> **Task description**: The range to repeat runs from the line with "ROWENTA Aspirateur sans" to the last line below, both ends included; give it exactly and without pictures.

> **Data shown**:
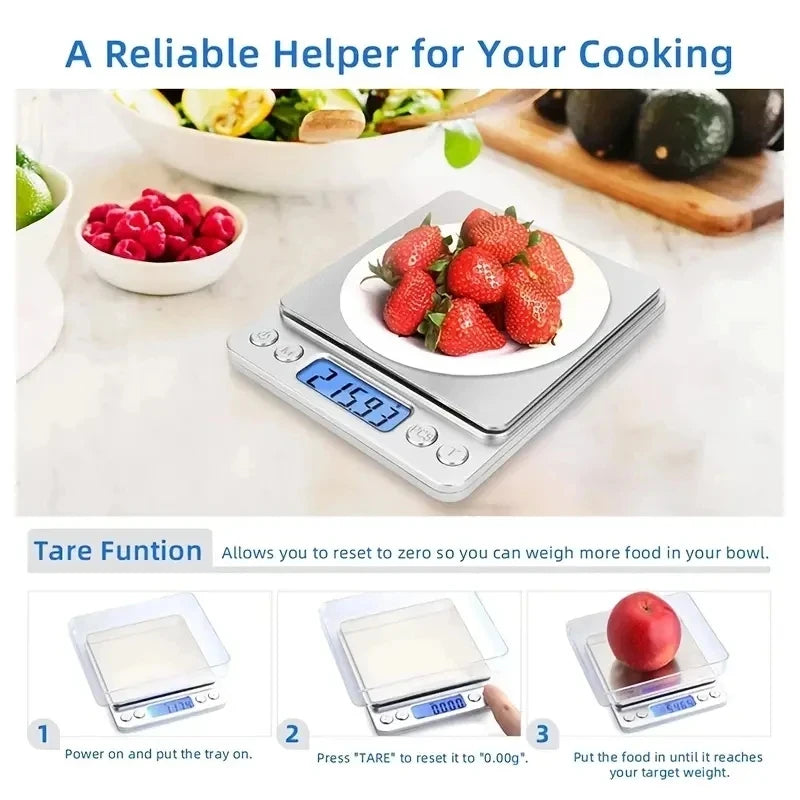 Digital Kitchen Scale Stainless Steel Food Scale with LCD Display for Precise Weighing of Cooking Ingredients Diet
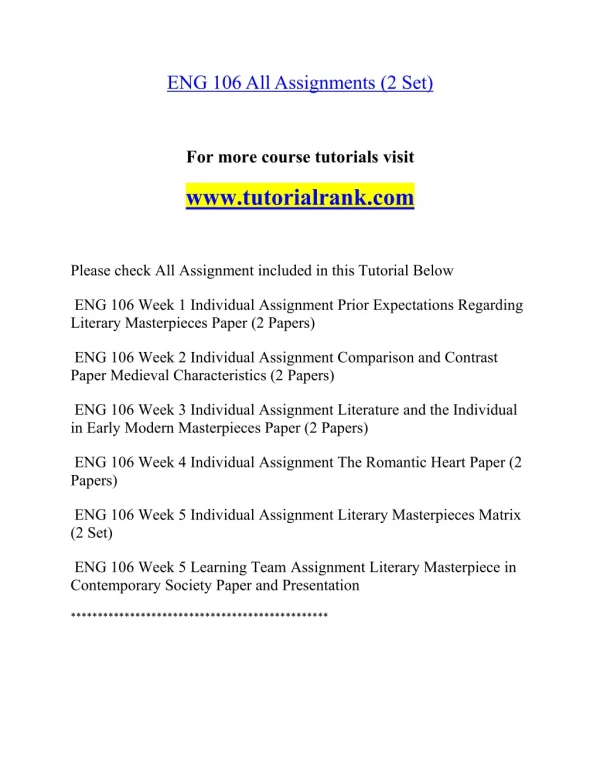 ENG 106 Effective Communication - tutorialrank.com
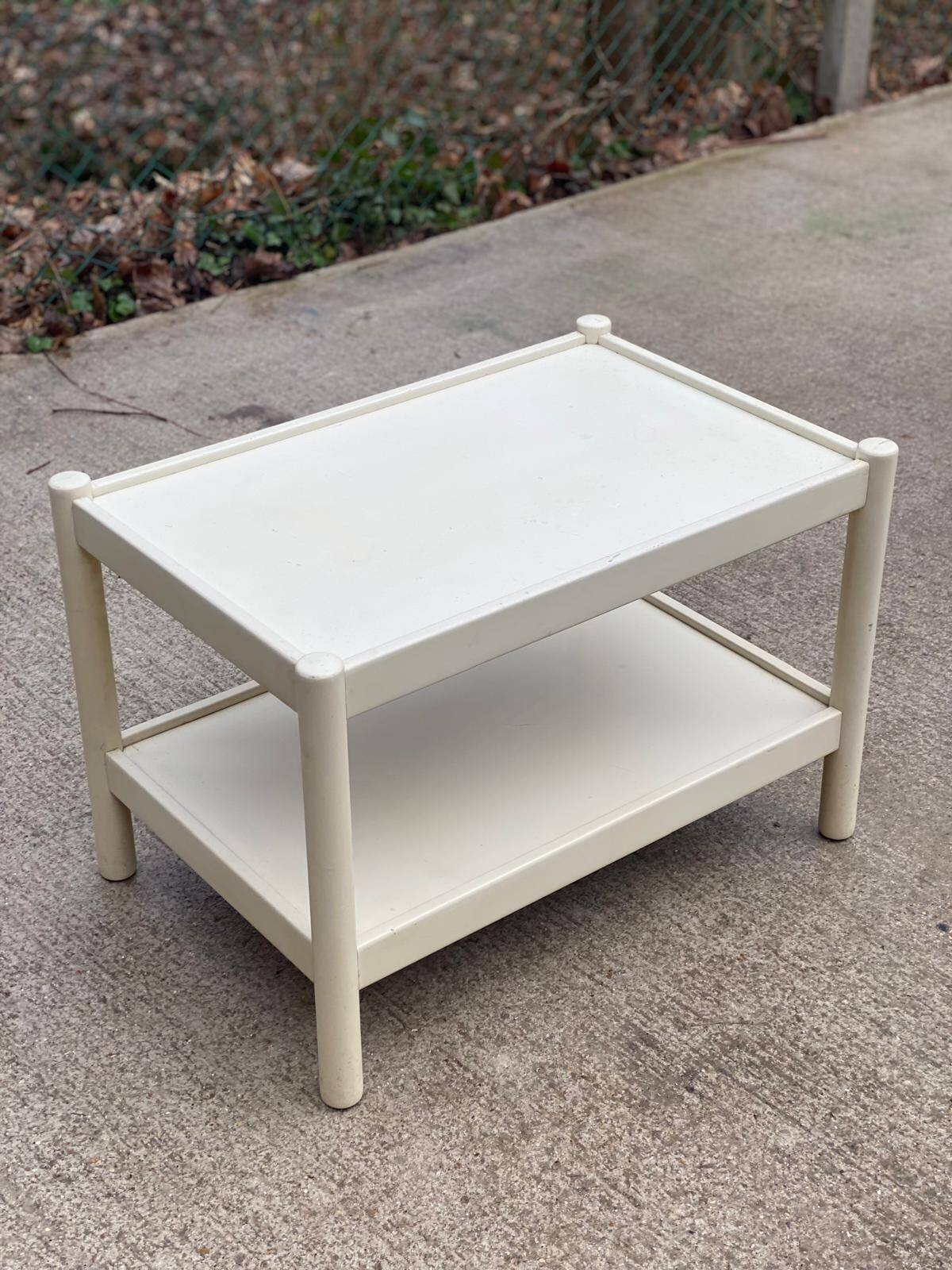 Table basse vintage blanche en bois double plateau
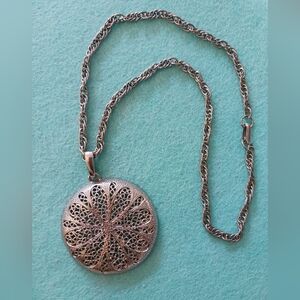 Large 60's Style Scrollwork Disk Necklace Matte Silver-toned 21in Chain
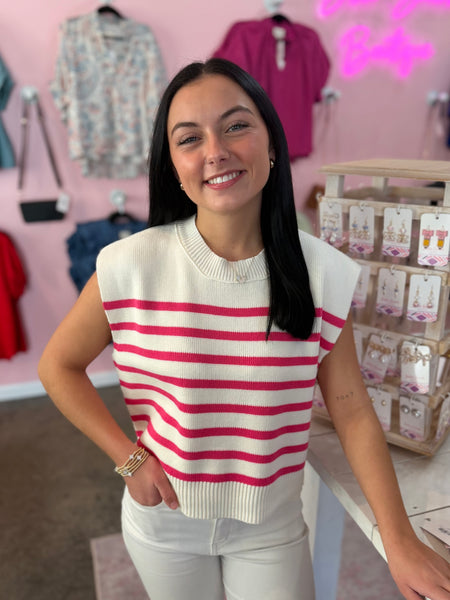 Won Me Over Striped Sweater - Hot Pink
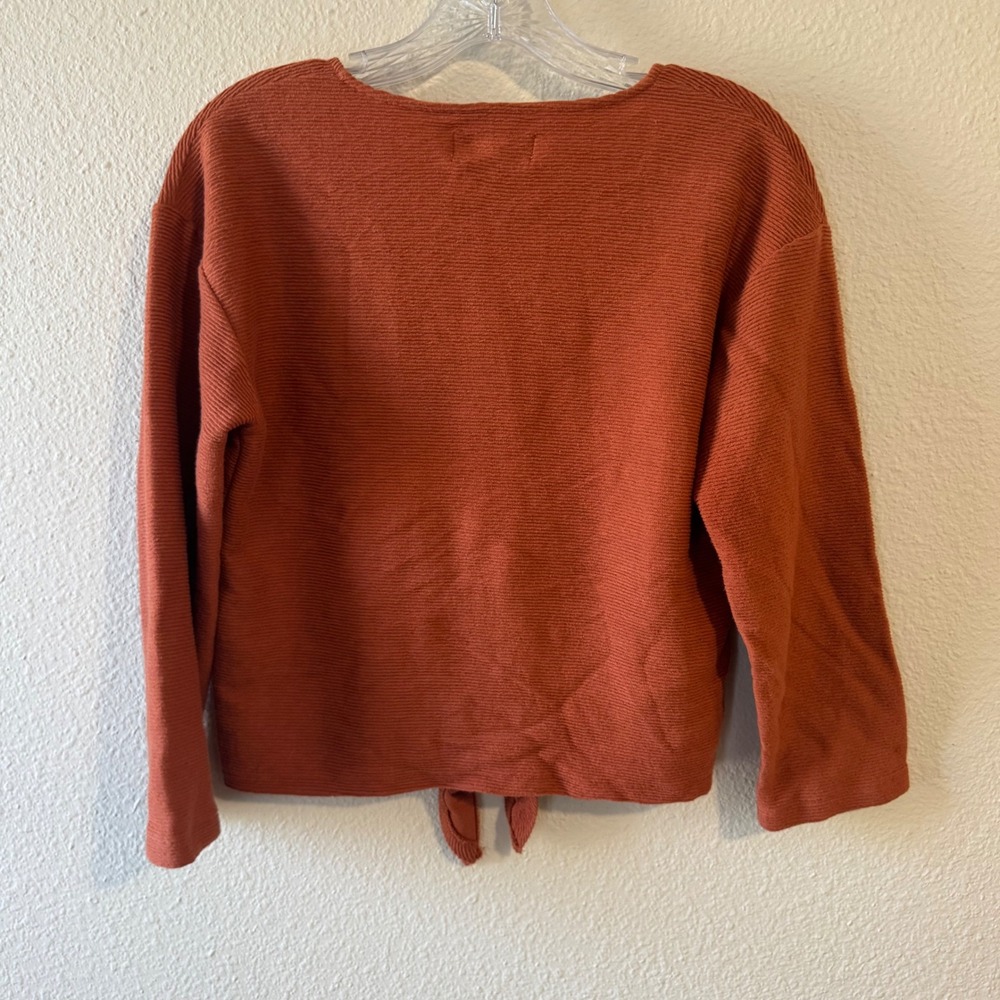 Madewell Texture Thread Rust‎ Orange Long Sleeve Tie Front V Neck Sweater XS - Picture 7 of 8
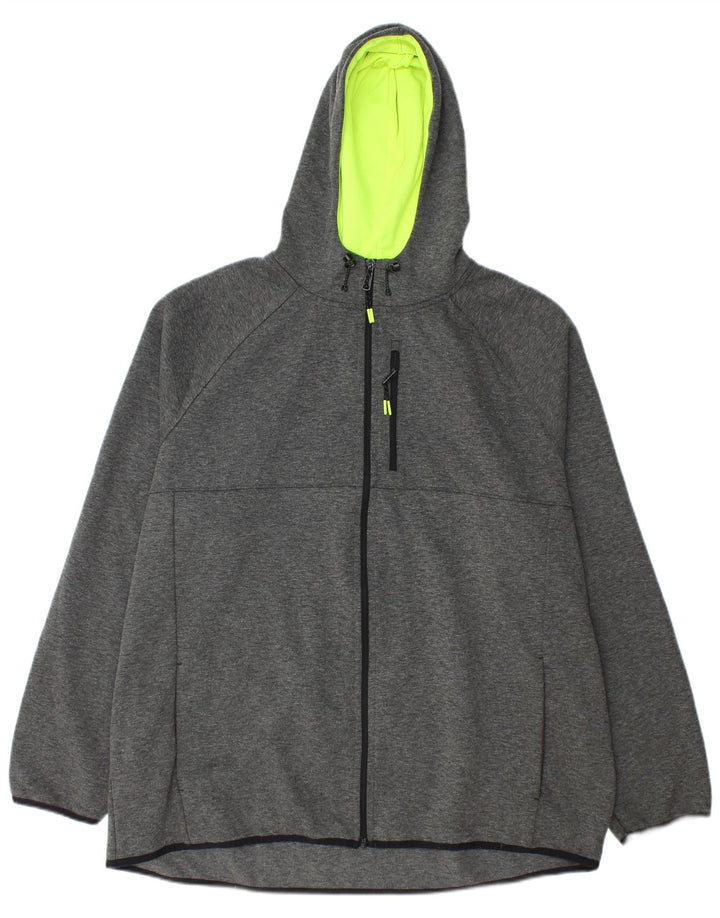 Maglione con cappuccio e zip da uomo Russell Athletic 2XL poliestere grigio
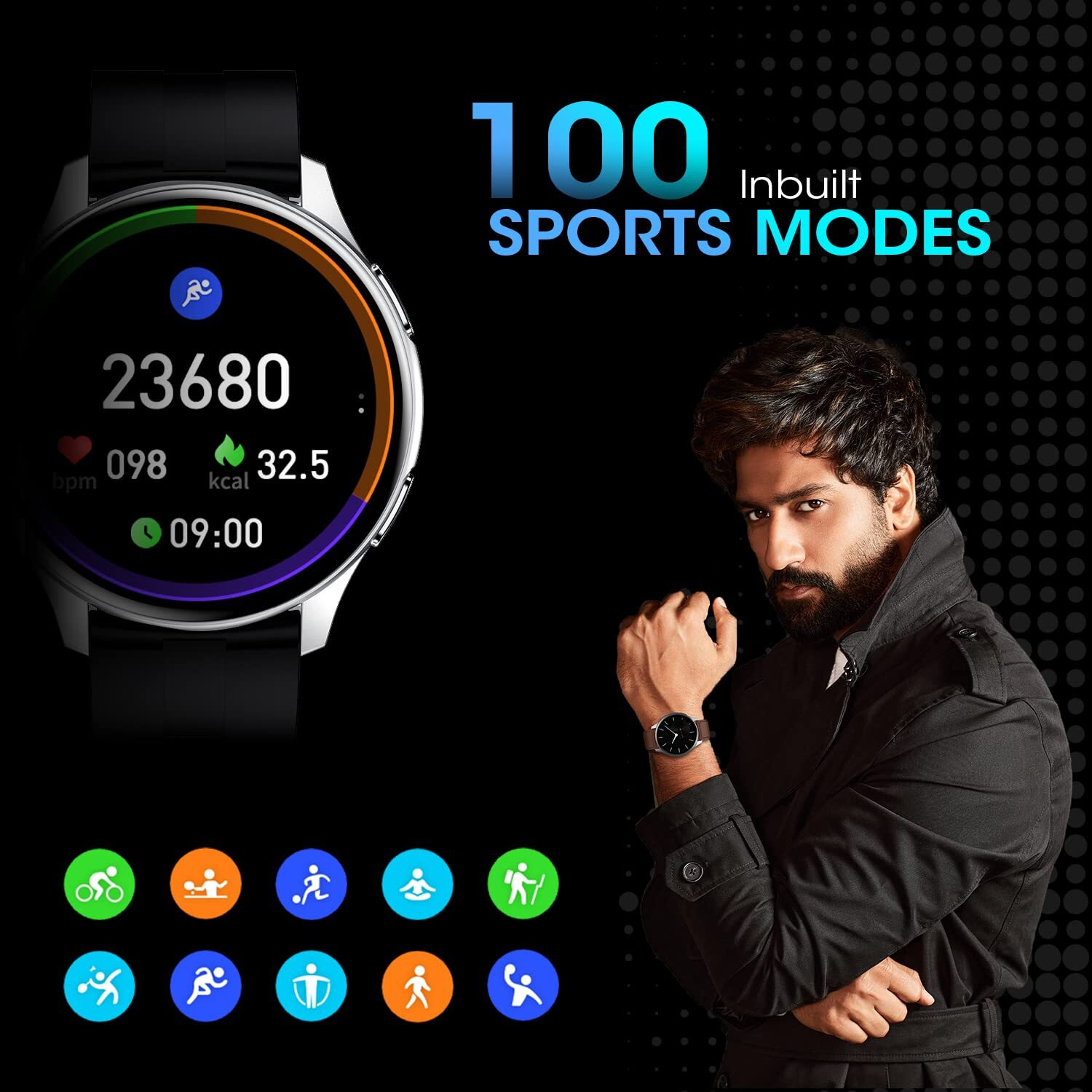 Fire Boltt Invincible - Metal & Silicone, 454*454 Pixels Resolution, 100 Sports Modes, Always-on Display, Bluetooth Calling, Long Battery Life
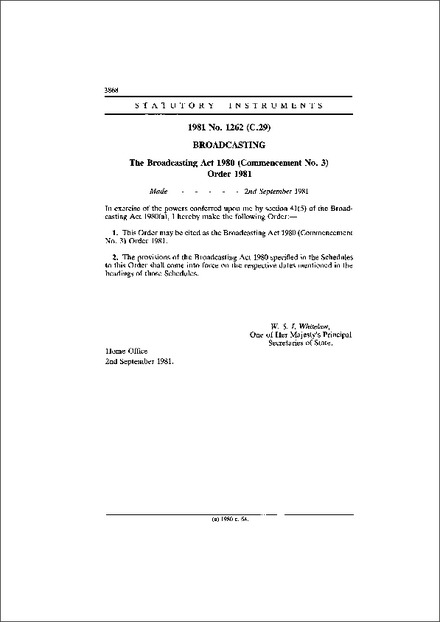 The Broadcasting Act 1980 (Commencement No. 3) Order 1981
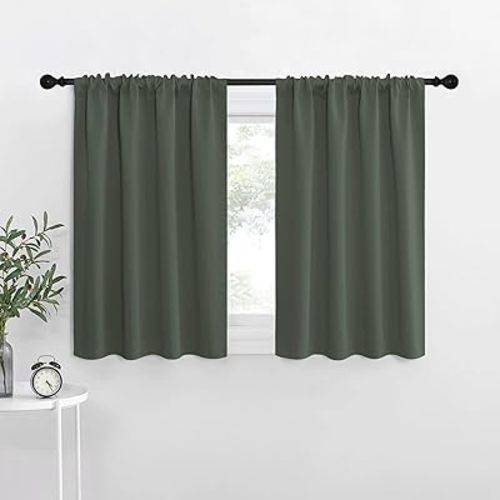 NICETOWN Bedroom Curtains Blackout Draperies - All Season Thermal Insulated Solid Rod Pocket Top Blackout Curtains/Drapes for Kid's Room (Dark Mallard, 1 Pair, 29 x 30 Inch)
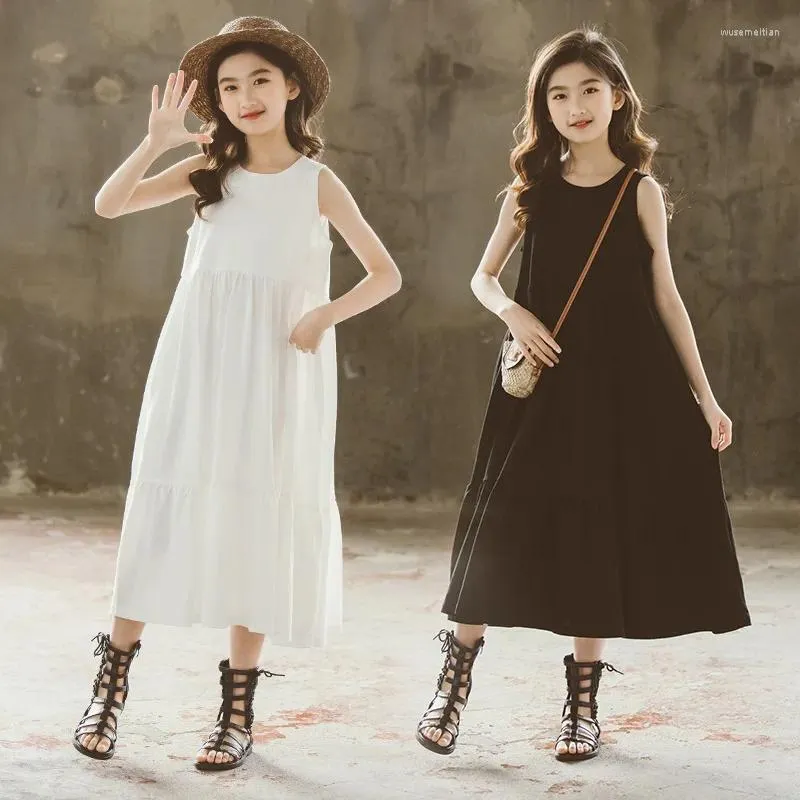 Flicka klänningar koreansk stil flickor väst klänning lösa avslappnade tonårskläder sommaren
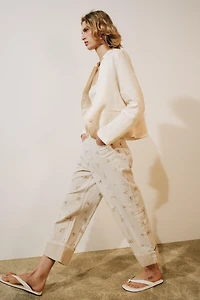 ZW COLLECTION MID-RISE TAPERED FLORAL JEANS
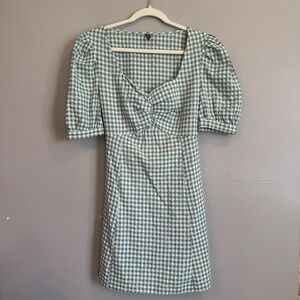 Nobody's Child Green Gingham Check Midi Puff Sleeve Dress Size‎ 10 Trad Wife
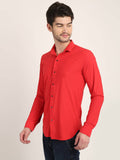 Men Solid Red Slim Fit Shirt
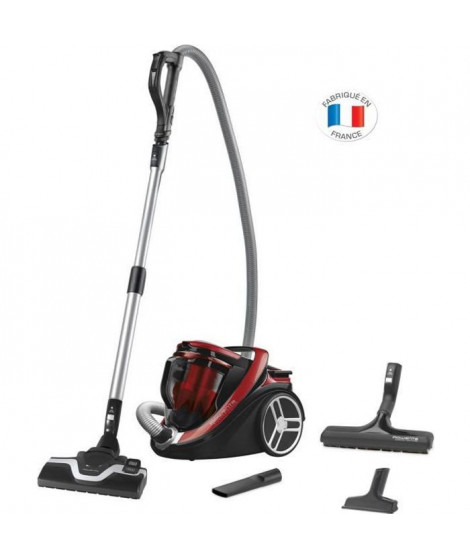 ROWENTA Aspirateur sans sac Silence Force Cyclonic Parquet, Capacité 2,5 L, Silencieux, Rouge et gris RO7649EA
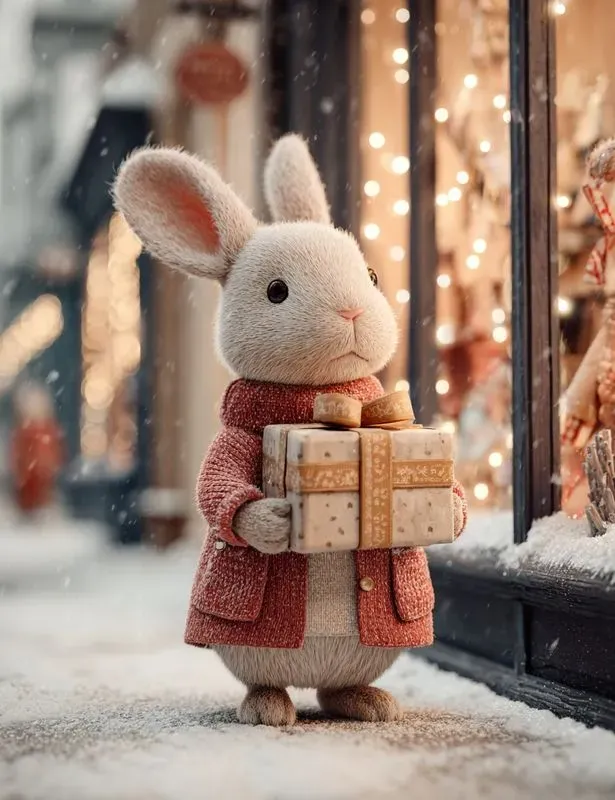 Pixar Christmas Animals Snowy City Night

> **Solution to the exercise**:
 ROWENTA Aspirateur sans sac Silence Force Cyclonic Parquet, Capacité 2,5 L, Silencieux, Rouge et gris RO7649EA
 Pixar Christmas Animals Snowy City Night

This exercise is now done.